Each entry below should be echoed exactly, with pictures omitted.

**Records provided**
——
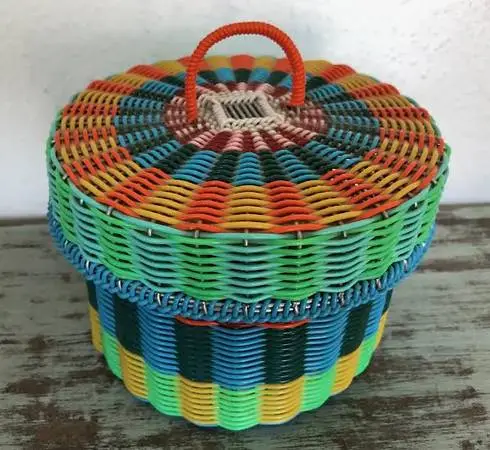 Beautiful colorful FOLK ART BASKET... made in Mexico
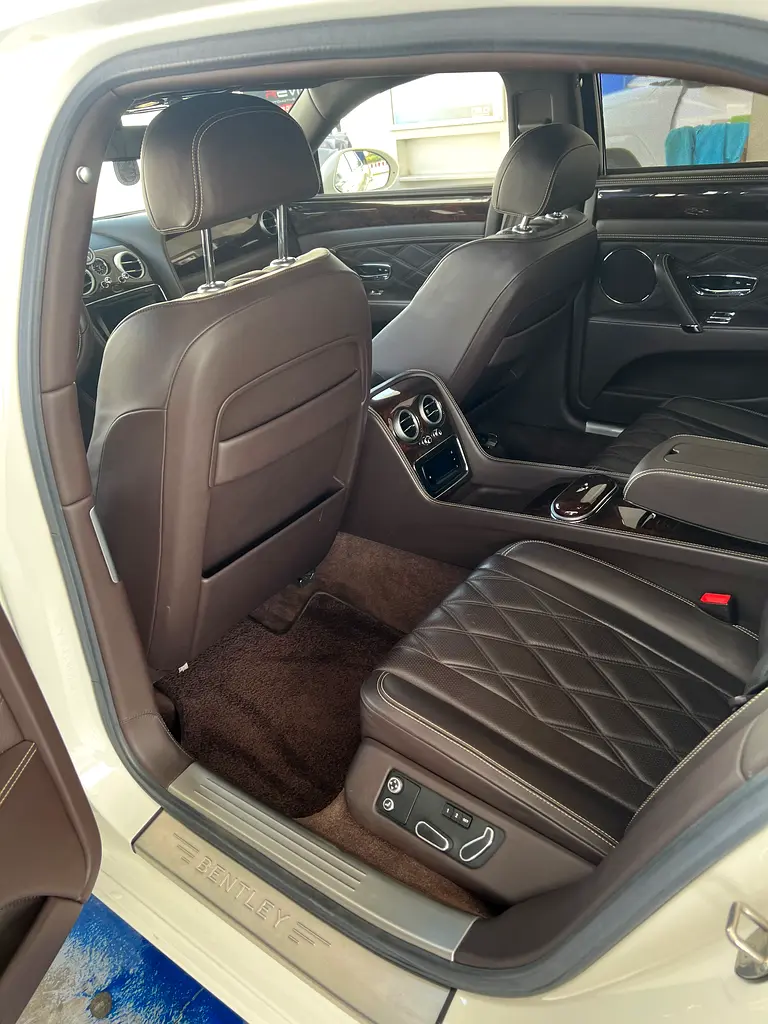 BENTLEY Flying Spur Azure 2015 - photo 5 - Import Émirats | International Cars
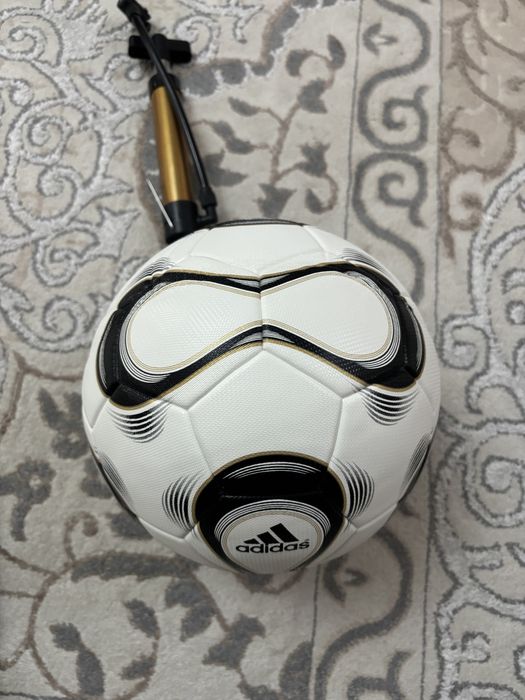 Футбольный мяч adidas teamgeist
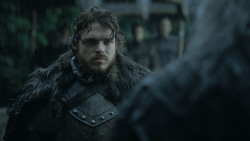 extant_GameOfThrones_3x04-KissedByFire_2531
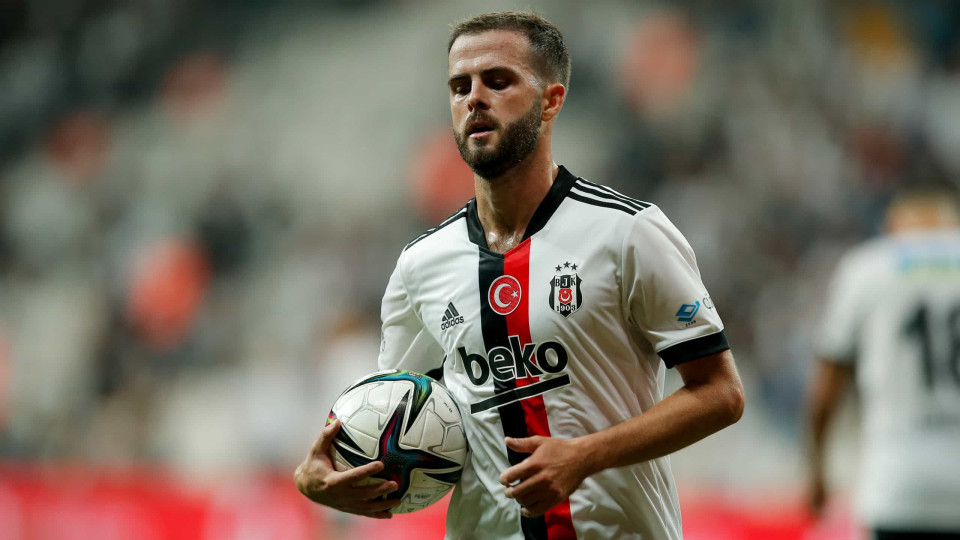 Pjanic quer ficar na Turquia e o Besiktas vai abordar o Barcelona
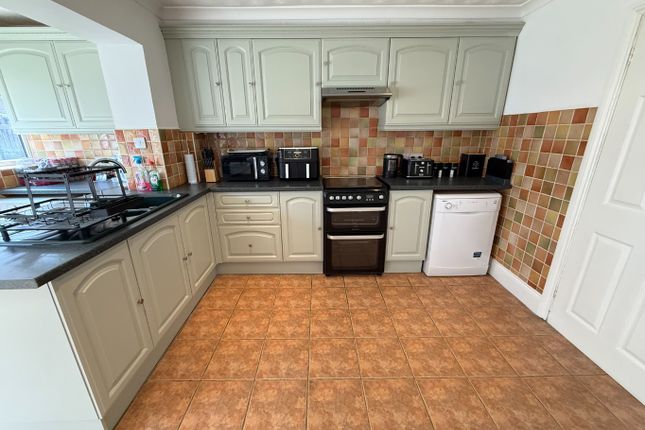 8 Roman Gardens, Houghton Regis, Bedfordshire photo 4
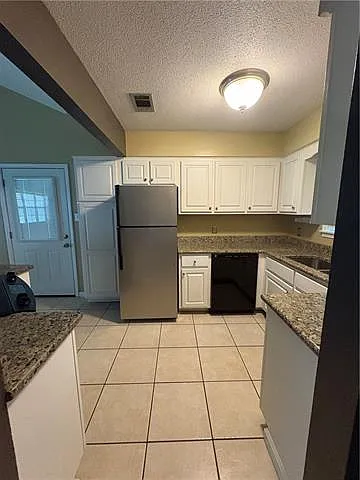 1425 N Columbia St — Photo 5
——
**Your response**
 Beautiful colorful FOLK ART BASKET... made in Mexico
 BENTLEY Flying Spur Azure 2015 - photo 5 - Import Émirats | International Cars
 Футбольный мяч adidas teamgeist
 extant_GameOfThrones_3x04-KissedByFire_2531
 Pjanic quer ficar na Turquia e o Besiktas vai abordar o Barcelona
 8 Roman Gardens, Houghton Regis, Bedfordshire photo 4
 1425 N Columbia St — Photo 5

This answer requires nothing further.